The EIC engaged in activities such as the opium trade and was responsible for the famine in Bengal due to imposed taxes. Powerful investors from both within and outside England participated in these activities knowing that they would avoid personal legal repercussions. This illustrates how limited liability creates a shield that allows unethical practices to occur without fear of individual legal consequences.

The Survival of the Fittest in the Market

Another reason for unethical behavior in businesses is the fierce competition in the marketplace. In order to maximize profits in the shortest possible time, corporations may resort to unethical practices. These actions, if successful, can lead to rapid growth and power, making it more difficult for other smaller or more ethical companies to compete. Over time, the market can become dominated by unethical corporations, leading to a homogenization of business ethics.

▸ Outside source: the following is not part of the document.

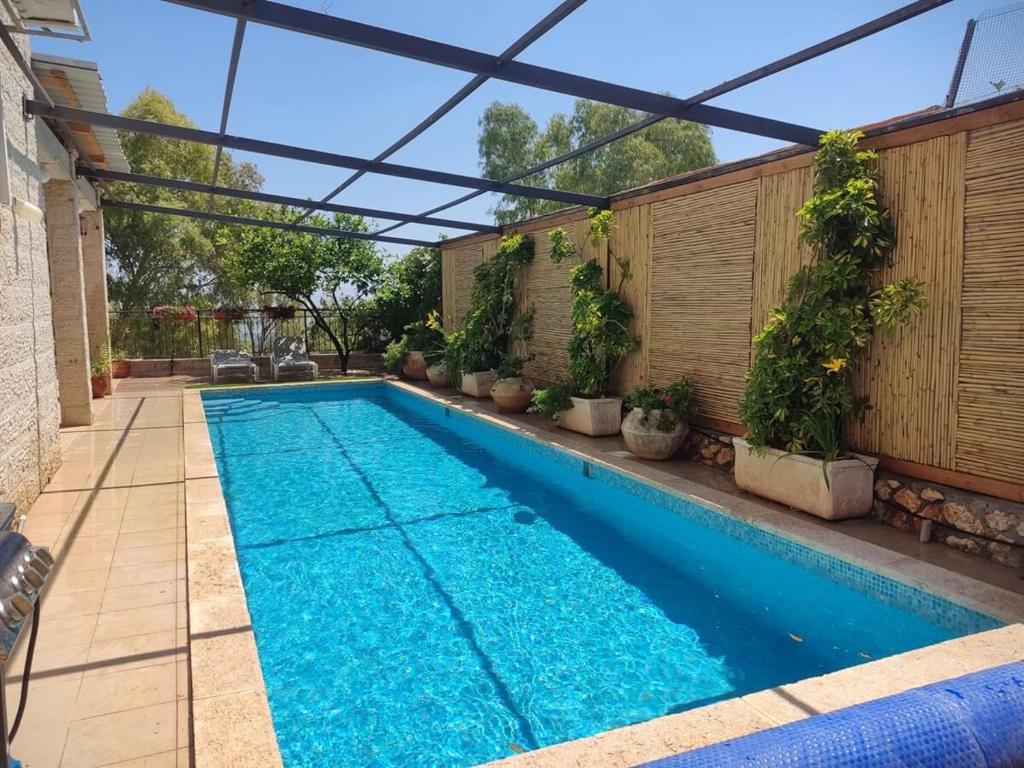a swimming pool in a backyard with a pergola at נופש בפינה in Rosh Pinna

The Philosophy Behind Ethics and Commerce

Some philosophers, like Andrew J. Andrews, have posited that ethical behavior in business may not always be beneficial. For instance, they argue that violence and unethical behavior can be beneficial in specific contexts. Andrews suggests that concepts such as war and insurance companies could be rendered unnecessary if there were no need for them, implying that being 'good' may sometimes be seen as being 'bad' from a business perspective.

The underlying message here is that ethical behavior in business is often a balancing act. While it is important to maintain high ethical standards, it is equally crucial to recognize that such standards may not always align with the ruthless realities of commerce. Understanding this dynamic can help businesses navigate the complex world of ethics and decision-making.

Ultimately, the decisions made by businesses in pursuit of profit often reflect the broader ethical landscape of society. By considering the factors that influence these decisions and the broader implications of their actions, we can work towards creating a more ethical business environment.